> _Aim of the exercise_: Every line from the first in the listing below to the line containing "ZAM57RTA0G1167906 MASERATI GHIBLI 2016" is to be repeated exactly, and no line past it.

#####

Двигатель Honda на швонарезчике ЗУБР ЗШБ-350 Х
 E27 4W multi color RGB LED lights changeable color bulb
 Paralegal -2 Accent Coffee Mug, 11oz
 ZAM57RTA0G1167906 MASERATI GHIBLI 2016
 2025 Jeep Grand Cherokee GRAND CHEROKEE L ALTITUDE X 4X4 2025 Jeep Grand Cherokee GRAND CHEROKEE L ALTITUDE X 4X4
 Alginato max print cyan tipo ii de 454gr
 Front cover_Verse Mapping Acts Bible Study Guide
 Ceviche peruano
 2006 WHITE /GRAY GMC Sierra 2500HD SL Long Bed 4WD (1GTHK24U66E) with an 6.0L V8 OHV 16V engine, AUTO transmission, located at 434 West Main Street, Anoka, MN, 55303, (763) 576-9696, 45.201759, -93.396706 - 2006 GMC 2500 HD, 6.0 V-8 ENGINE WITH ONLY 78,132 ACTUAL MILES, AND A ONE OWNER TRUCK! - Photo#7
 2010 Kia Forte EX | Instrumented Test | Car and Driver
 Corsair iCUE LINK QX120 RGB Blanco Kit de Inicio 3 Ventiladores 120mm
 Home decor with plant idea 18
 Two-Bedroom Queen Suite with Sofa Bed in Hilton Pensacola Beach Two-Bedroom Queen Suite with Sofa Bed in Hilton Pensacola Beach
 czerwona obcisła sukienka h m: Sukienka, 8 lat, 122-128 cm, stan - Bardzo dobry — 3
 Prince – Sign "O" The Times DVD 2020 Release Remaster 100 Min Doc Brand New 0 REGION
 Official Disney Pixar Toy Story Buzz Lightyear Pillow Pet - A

#####

> _Completed task_:
Двигатель Honda на швонарезчике ЗУБР ЗШБ-350 Х
 E27 4W multi color RGB LED lights changeable color bulb
 Paralegal -2 Accent Coffee Mug, 11oz
 ZAM57RTA0G1167906 MASERATI GHIBLI 2016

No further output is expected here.